I understand that the FreeBSD RNG is automatically seeded with various, robust sources of entropy.

I understand that I don't need to seed it and my seeding is probably worse than the default.

HOWEVER, just because I am curious, I wonder ...

I used to be able to set this sysctl:

sysctl -w kern.random.sys.seeded=0

.. and then start up sshd for the first time and I would be asked to mash the keyboard and type a page or two of gibberish to seed the RNG.
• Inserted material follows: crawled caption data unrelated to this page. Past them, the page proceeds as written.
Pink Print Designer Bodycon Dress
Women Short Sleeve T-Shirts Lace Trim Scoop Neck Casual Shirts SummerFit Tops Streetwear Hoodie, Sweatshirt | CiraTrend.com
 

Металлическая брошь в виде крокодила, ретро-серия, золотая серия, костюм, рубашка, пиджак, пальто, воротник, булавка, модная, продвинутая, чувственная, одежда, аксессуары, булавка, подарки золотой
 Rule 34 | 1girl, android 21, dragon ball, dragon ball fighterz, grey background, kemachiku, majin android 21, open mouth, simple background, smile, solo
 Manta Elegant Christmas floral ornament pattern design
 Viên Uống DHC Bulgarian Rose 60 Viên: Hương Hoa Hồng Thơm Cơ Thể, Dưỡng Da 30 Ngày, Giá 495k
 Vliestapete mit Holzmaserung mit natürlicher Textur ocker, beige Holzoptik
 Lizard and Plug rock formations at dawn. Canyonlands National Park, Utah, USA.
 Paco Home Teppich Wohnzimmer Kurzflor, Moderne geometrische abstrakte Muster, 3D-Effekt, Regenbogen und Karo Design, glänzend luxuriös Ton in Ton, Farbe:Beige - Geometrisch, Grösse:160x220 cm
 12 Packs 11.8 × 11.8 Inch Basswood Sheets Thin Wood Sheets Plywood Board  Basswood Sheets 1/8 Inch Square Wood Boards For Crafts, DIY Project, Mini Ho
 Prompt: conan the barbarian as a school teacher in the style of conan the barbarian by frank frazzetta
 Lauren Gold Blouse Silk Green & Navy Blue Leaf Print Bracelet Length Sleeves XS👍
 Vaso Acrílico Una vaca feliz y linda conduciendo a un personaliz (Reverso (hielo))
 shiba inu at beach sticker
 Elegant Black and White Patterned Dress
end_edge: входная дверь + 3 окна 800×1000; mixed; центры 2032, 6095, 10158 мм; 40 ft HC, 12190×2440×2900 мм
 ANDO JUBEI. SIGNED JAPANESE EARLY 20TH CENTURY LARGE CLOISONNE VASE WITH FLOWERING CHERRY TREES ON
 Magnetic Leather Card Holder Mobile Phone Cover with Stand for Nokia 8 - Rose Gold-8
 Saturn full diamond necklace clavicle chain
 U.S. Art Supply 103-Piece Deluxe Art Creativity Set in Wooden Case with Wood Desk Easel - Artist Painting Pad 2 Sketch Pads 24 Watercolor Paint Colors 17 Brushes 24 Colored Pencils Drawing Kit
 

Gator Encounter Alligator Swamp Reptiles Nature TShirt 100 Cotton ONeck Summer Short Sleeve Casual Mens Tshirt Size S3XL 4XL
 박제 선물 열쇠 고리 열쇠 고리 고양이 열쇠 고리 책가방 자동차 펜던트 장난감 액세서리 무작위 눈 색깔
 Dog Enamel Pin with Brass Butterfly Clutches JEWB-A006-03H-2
In 2019 with FreeBSD 12.1, how do I do that ?  How can I manually seed the RNG with my own keyboard mashing, even though that's probably not the best choice of seed ?

Thanks.


----------



## shkhln (Dec 18, 2019)

absduser said:


> In 2019 with FreeBSD 12.1, how do I do that ?  How can I manually seed the RNG with my own keyboard mashing



You tell us. That question doesn't match any common use cases.


----------



## Phishfry (Dec 18, 2019)

Have you looked at the script used to store entrophy at shutdown?
/etc/rc.d/random
Also the manual page for random(4)


----------



## Phishfry (Dec 18, 2019)

Why can't I manually seed the FreeBSD random number generator?
					

Years ago, I could manually seed the random number generator in FreeBSD by setting:  sysctl -w kern.random.sys.seeded=0  ... and then if I deleted my SSH keys (on purpose) and restarted sshd, I wou...




					serverfault.com


----------



## shkhln (Dec 18, 2019)

Same person, I suppose?


----------



## absduser (Dec 19, 2019)

So it would seem that this is no longer possible - one has to use the auto-rng-seeding and there is no other option ?


----------



## shkhln (Dec 19, 2019)

You have the complete source code for the kernel, so…


----------